• EXERCISE
Starting with the line containing "غرفة قياسية ثلاثية" and going on through the line containing "Small Pipe drone reeds - how to make em work", return the lines of the data below exactly, and only those.

• INFORMATION SHOWN
----
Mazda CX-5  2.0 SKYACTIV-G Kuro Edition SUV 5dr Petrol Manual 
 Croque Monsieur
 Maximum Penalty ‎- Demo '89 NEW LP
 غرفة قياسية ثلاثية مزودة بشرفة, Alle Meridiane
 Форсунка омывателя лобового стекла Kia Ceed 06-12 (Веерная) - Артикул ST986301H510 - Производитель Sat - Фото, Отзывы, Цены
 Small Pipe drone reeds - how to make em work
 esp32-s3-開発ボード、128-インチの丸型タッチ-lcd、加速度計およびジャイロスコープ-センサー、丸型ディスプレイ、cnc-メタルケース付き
----
• WRITTEN RESPONSE
 غرفة قياسية ثلاثية مزودة بشرفة, Alle Meridiane
 Форсунка омывателя лобового стекла Kia Ceed 06-12 (Веерная) - Артикул ST986301H510 - Производитель Sat - Фото, Отзывы, Цены
 Small Pipe drone reeds - how to make em work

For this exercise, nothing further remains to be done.